Task to carry out. Begin at the first line of the data and copy each line through the one containing "Somi Emil névjegykártya", that line included, with no pictures.

[Start of section]

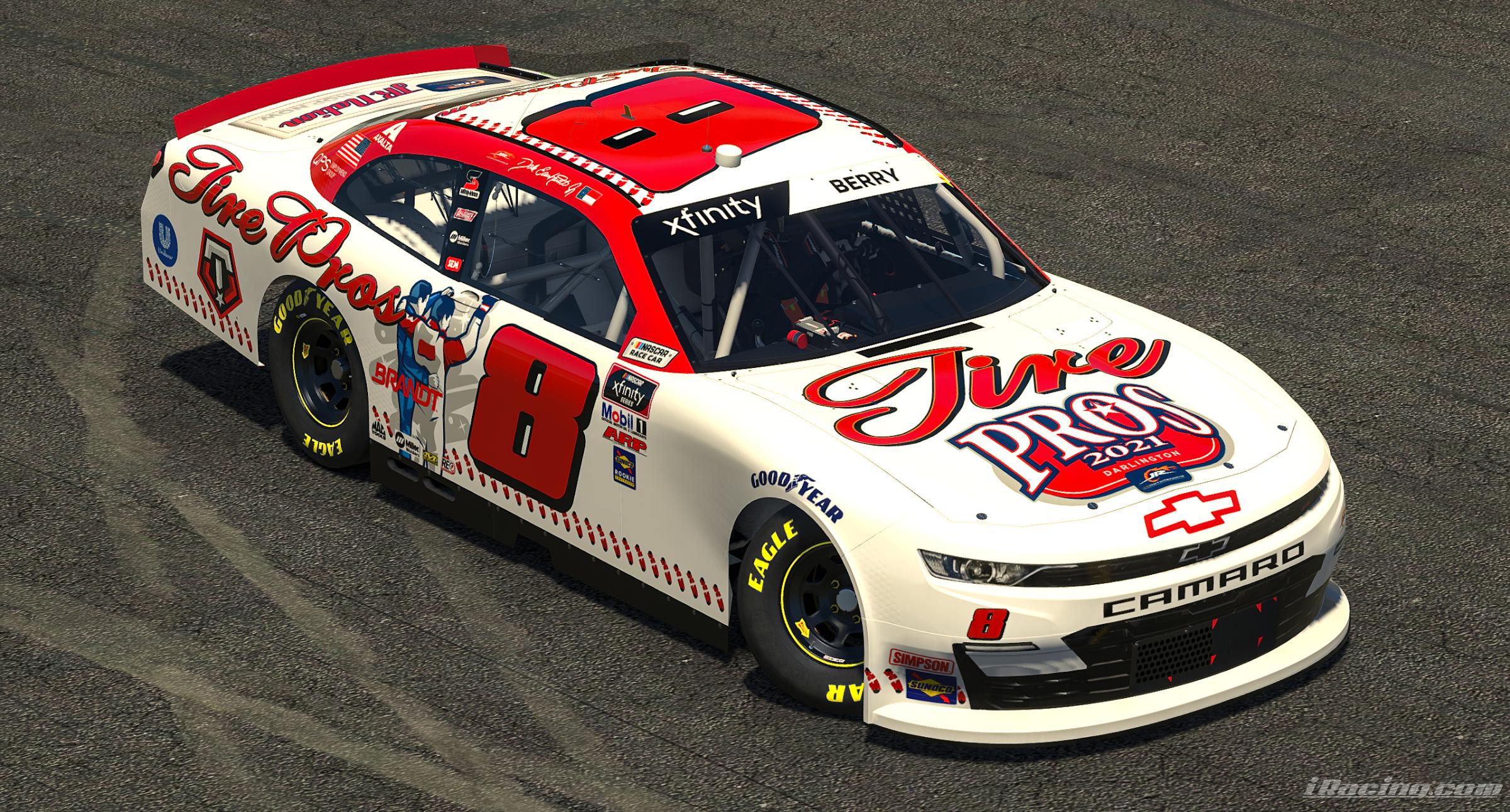 2021 Josh Berry Tire Pros Throwback Camaro by Ryan A Williams Trading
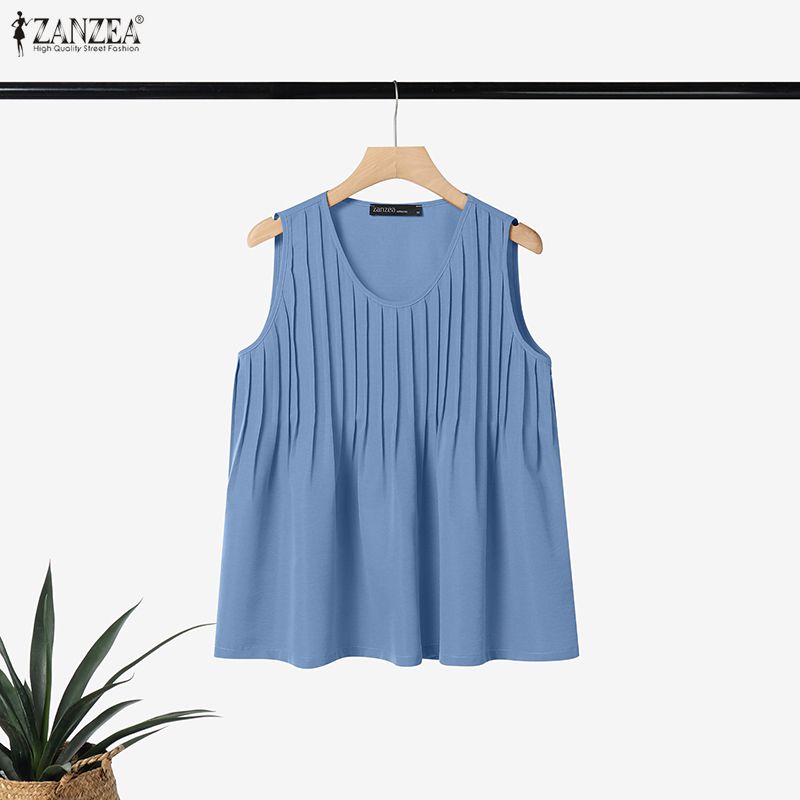 ZANZEA Plus Size 5XL Woman Pin - Summer Clothing Holiday 评论和价格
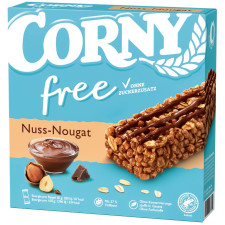 Батончики Corny Злаковые Nuss-Nougat с ореховой пастой и нугой 120г mini slide 1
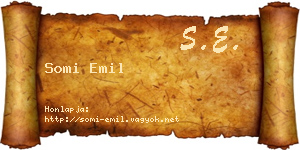 Somi Emil névjegykártya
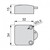 EMUCA 5070915 - Lote de 10 interruptores para puerta en plástico blanco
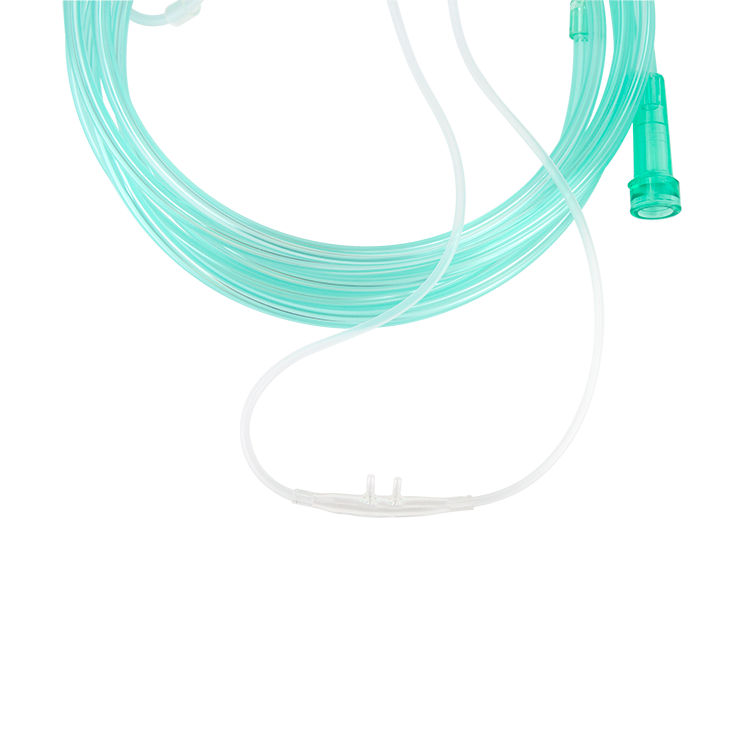 Nasal Oxygen Cannula Super Soft-Touch Cushion Tip with 4' (1.2m) Crush Resistance Tubing, Standard Connector, Adult, 50 Quantity per Case
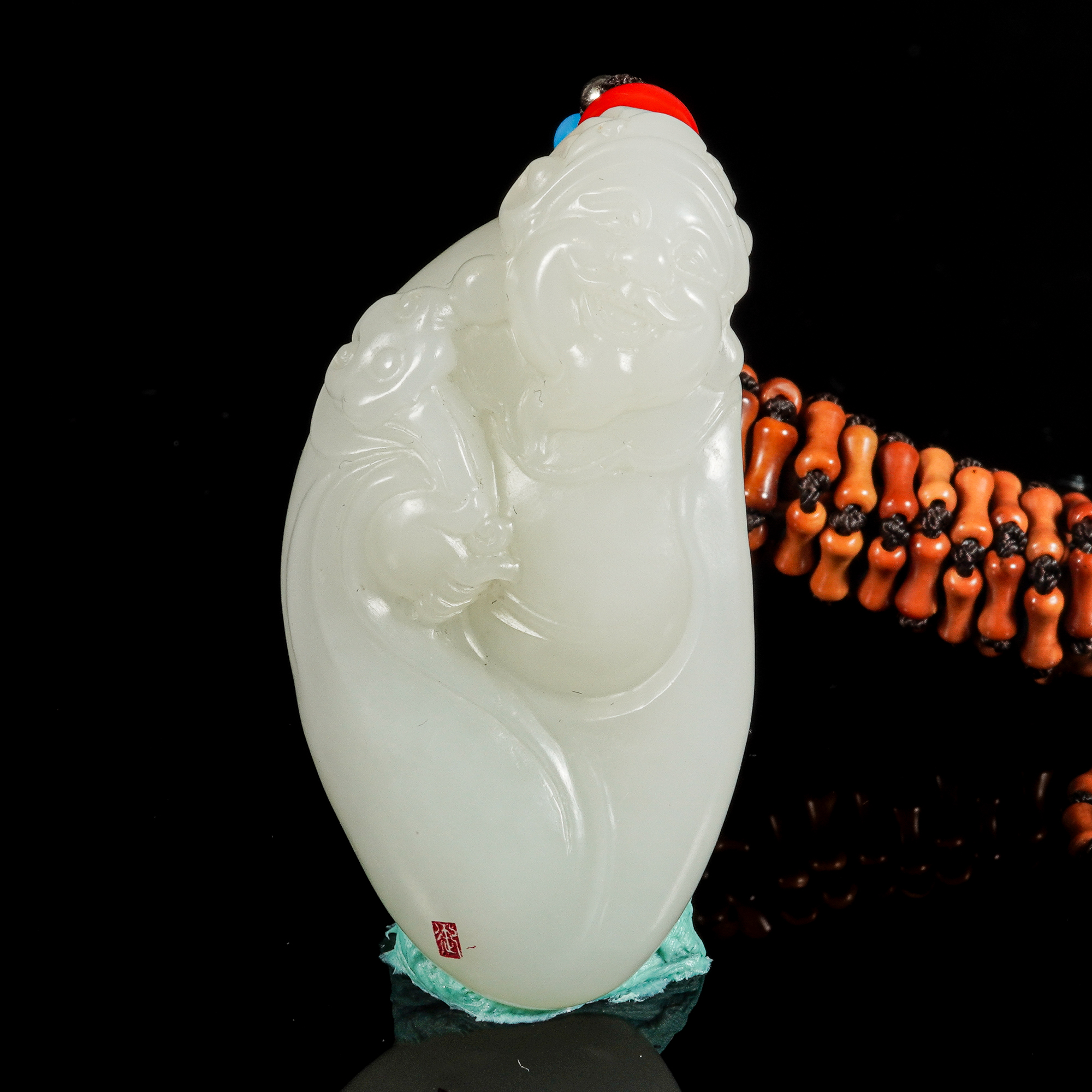 LOT.024和田玉财神/B9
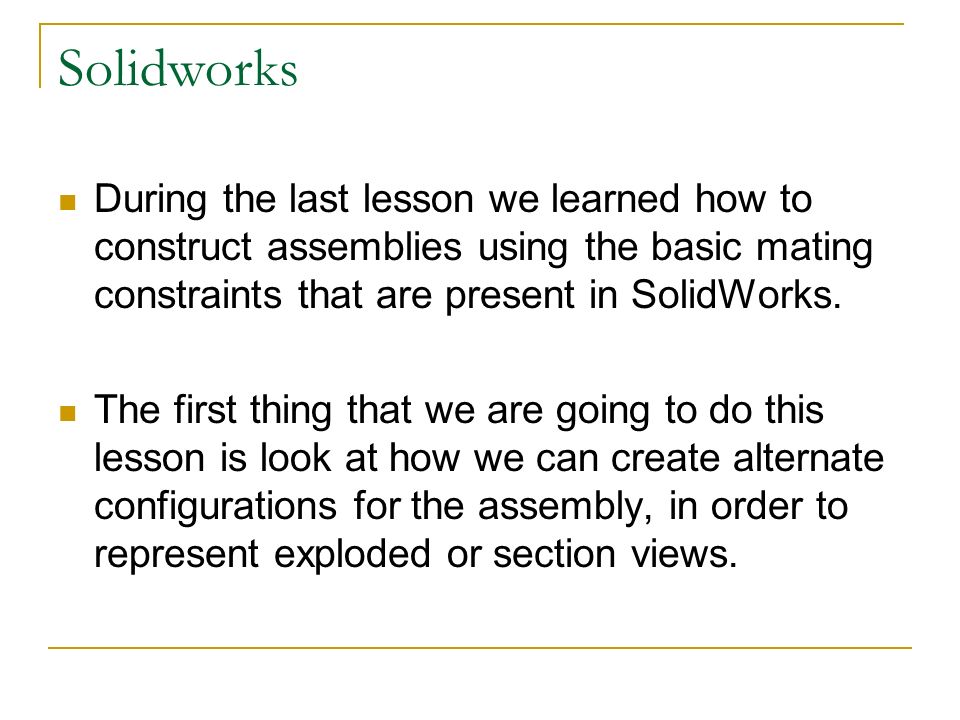 solidworks 2005 exit from creating part in assembly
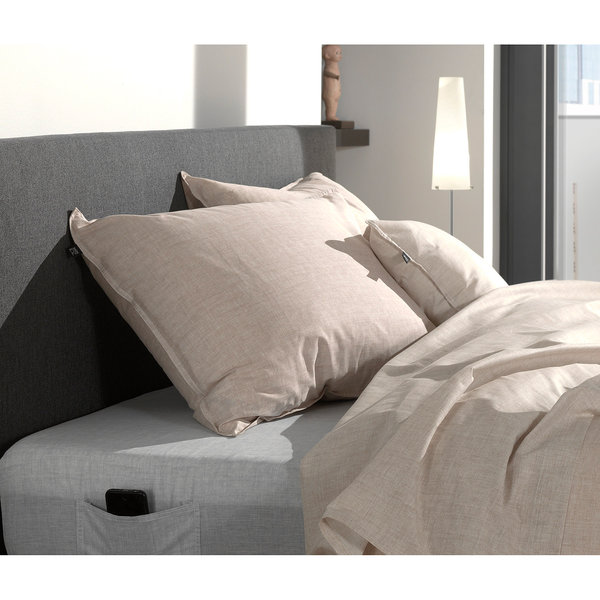 Kissenbezug Lino I - Baumwolle - Sand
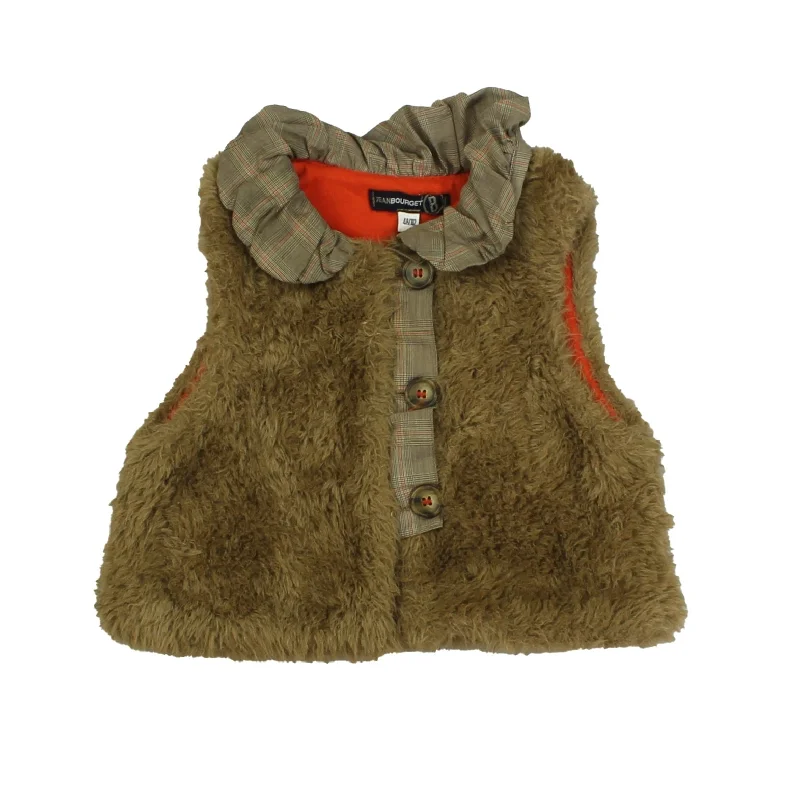 Men's Coats with HoodsJean Bourget Boys Faux Fur | Brown Vest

[End of section]

Response area.
 2021 Josh Berry Tire Pros Throwback Camaro by Ryan A Williams Trading
 ZANZEA Plus Size 5XL Woman Pin - Summer Clothing Holiday 评论和价格
 Батончики Corny Злаковые Nuss-Nougat с ореховой пастой и нугой 120г mini slide 1
 Somi Emil névjegykártya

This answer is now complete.